Involved in other business as well, Bloomingdale was president and director of the Walters Piano Company and Arcade Realty Company. Bloomingdale furthermore was a director for both the Vulcan Detinning Company and the Hudson Oil Company. In late August 1902, the newly formed Consolidated National Bank elected Bloomingdale as a director. He was a member of the Chamber of Commerce, as well as various civic institutions and the Lafayette Post. After his death in 1905, Lyman's sons Hiram and Samuel took over as heads of the department store. In 1929, Bloomingdale Brothers, Inc. was sold to the Federated Department Stores.

==Clubs and other memberships==
He was a member of the Republican Club, the Harmonie Club, the Lotos Club, the National Arts Club, and others.
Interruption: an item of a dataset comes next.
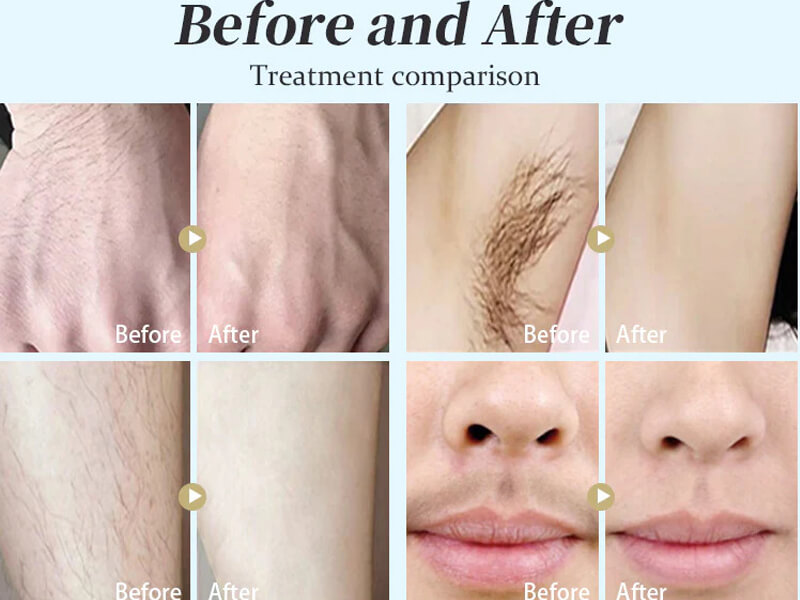 laser hair removal treatment before and after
He was a president of the Isaiah Lodge, Independent Order B'nai B'rith and of the Excelsior Lodge, Kesher Shel Barzel.

==Philanthropy==
A benefactor to a variety of causes and cultural institutions, he was a long-term patron of the Metropolitan Museum of Art in New York, donating several notable works such as a Washington Allston painting in 1901. He was also a patron of young artists. In 1901 he was a founder of the Monteflore Home Country Sanitarium for Consumptives at Bedford Station in New York, and he focused much of his time and energy on the institution. He was a director and treasurer for the Monteflore Home for Chronic Invalids, and treasurer for Temple Beth-El. His will, written in 1904, left $100,000 (equivalent to $ million in ) for charitable purposes.

==Personal life==
Bloomingdale was married to Hattie Cullenberger in 1871. On April 17, 1872, the Bloomingdale brothers opened their first store at 938 Third Avenue, New York City, between 56 and 57 Streets, and Lyman and Hattie lived above the store. Their two eldest sons Samuel and Hiram were born in this residence, and in 1876 the family moved to larger quarters in a residence in Beekman Place. They had five children:
- Samuel Joseph Bloomingdale (1873–1968), married to Rita Goodman, 2 children
  - Susan Bloomingdale Ernst
  - Louise Bloomingdale Cullman (1919–2014), married to Edgar Cullman, Sr.
- Hiram Collenberger Bloomingdale (1875–1953), married to Rosalind C. Schiffer, 2 children;
  - Lyman Gustave Bloomingdale, married to Gwendolyn Ranger Wormser, 4 children;
    - Gwen Bloomingdale (died 2001 in plane crash off Iceland);
    - Penny Bloomingdale Baker;
    - Jennifer Bloomingdale Nelson
    - Billie Bloomingdale Logan
  - Alfred Schiffer Bloomingdale married to Betty Lee Newling, 3 children
    - Geoffrey Bloomingdale
    - Lisa Bloomingdale
    - Robert Bloomingdale
- Irving Ingersoll Bloomingdale (1878–1929) (married to Rosalie Banner)
- Corinne Bloomingdale Popper (1881–1940), married to Arthur W Popper, 2 children;
  - Edward Bloomingdale (born 1904)
  - Robert Lyman Bloomingdale (born 1908)
- Hannah Bloomingdale (1877–1891).

In the early morning of July 27, 1903, Wagner cottage in New York, owned by Lyman Bloomingdale, was destroyed by fire. Worth about $10,000 at the time, it had been unoccupied with the origin of the fire unknown. As of 1904, he had a residence at Third Avenue and 59th Street in New York. In September 1905, Bloomingdale sold a property on 355 East 155th Street, a four-story flat. Bloomingdale also had a residence at 730 Park Avenue in New York, with other former tenants including Mitzi Newhouse, Sam Newhouse, Edward M. Warburg, and John L. Loeb.

Bloomingdale died on October 13, 1905, at Elberon, New Jersey. The funeral was held on October 15 at Temple Beth-El. Hattie Bloomingdale died in 1941, at the age of 89 at her home at 570 Park Avenue.